## [The data]
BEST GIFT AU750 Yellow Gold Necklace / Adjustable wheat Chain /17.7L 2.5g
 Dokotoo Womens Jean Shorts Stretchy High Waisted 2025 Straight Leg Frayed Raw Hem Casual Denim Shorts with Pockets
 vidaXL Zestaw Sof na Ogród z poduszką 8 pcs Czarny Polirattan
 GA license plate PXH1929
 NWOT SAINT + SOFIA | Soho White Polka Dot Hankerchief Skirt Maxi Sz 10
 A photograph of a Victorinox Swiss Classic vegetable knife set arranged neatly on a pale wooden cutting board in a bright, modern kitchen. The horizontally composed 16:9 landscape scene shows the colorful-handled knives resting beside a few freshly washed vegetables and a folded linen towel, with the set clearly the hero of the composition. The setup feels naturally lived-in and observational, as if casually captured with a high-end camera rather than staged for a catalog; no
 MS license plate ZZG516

## [Aim of the exercise]
From the records above, pull every line that carries the word "license".

## [Answer section]
 GA license plate PXH1929
 MS license plate ZZG516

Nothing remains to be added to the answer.